地痞们见状,哪里还敢放肆,纷纷灰溜溜地离开了。
我看着池卿欢,仿佛再一度重新认识她。
她不仅聪明能干,还有着一身不俗的武艺傍身。
既能在内宅主持中馈,亦能骑马射箭,经营商铺。
这样的女子,确实让人不得不佩服。
我走近她,低声问道:“你没事吧?”
池卿欢看了我一眼,轻轻摇了摇头,道:“我没事,多谢侯爷关心。”
我见她态度冷淡,心中有些不是滋味。
但想到她之前拒绝我的好意,我又觉得自己没有什么好说的。
于是我岔开话题,道:“你的茶坊生意很好,这些糕点也都是别具一格。”
池卿欢闻言,脸上露出了一丝笑容,道:“除了煮茶,也唯有做吃食,尚有可为之处了。”
我看着她道:“从前我还以为,你离了侯府,只怕会活不下去,不想你竟然能走到这一步。”

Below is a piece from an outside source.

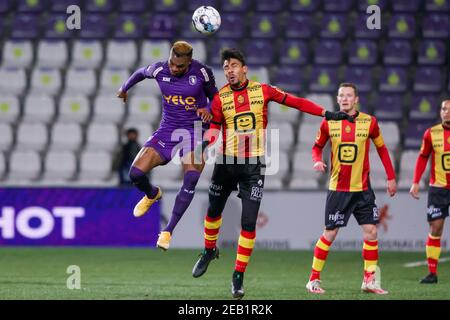 ANTWERPEN, BELGIEN - FEBRUAR 11: Segen Eleke von Beerschot VA, Igor de Camargo von KV Mechelen während des Croky Cup-Spiels zwischen Beerschot und KV M Stockfoto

池卿欢微微一愣,随即道:“我虽是女子,但只要有一二技艺傍身,未尝就不能自主自立。”
她伸手指了指坐在堂上弹唱的琵琶女:“她出身柳巷,无处可依,但她弹的一手好琵琶,如今也已经是我们茶坊炙手可热的红人了。”
而后又指了指忙碌端着茶点的小童:“这个孩子的父母生下来便再没管过她,稍大了些就要把她发卖为奴。”
“不过好在我把她买了下来,如今在这里也算有了一个安身之所。”
我沉默地听着,这才发觉自己错的有多离谱。
我只当她曾说要自立,只是玩乐之言,不曾放在心上。
等着她尝尽苦头后回到我身边。
我离开了水云榭,心中却久久不能平静。
回到侯府后,我叫来了管事。
我低声吩咐道:“侯府以后的茶点都只换成水云榭的,但不要透露是侯府去采买的。”
管家虽然有些疑惑,但还是照我的吩咐去办了。
之后半月,我时不时地会派人去水云榭送些东西过去,以示我对她的关心。
但池卿欢却从未主动来侯府找过我,仿佛我们之间的鸿沟越来越深。
春三月里,芳草如茵。
池卿欢的水云榭将要举办一场春日小宴。
我正犹豫着是否要去时,圣旨便到了。
宣旨太监小心地提醒了一句:“侯爷,陛下近日正心烦意乱的。”
我瞥了他一眼,只是淡淡“嗯”了声,便策马进宫面圣了。
宣政殿内。
刚一踏入,便见数本奏折被皇帝一时之气下撒落一地。
我弯腰随手从地上捡起一本翻阅,才知他是为何忧心愤怒至此。
皇帝气得来回踱步:“大辽真是贼心不死,雪一化就要蠢蠢欲动。”
“若是只有那一边也就算了,偏生晋国里也有如此狼子野心之人!”
我这半月虽没怎么上过朝,但也听闻了文王与朝中丞相相交甚近的举动。
皇帝不住地叹息,明明不过不惑之年,却已生出了些许白发:“已是山雨欲来风满楼,这真是我晋国的劫数。”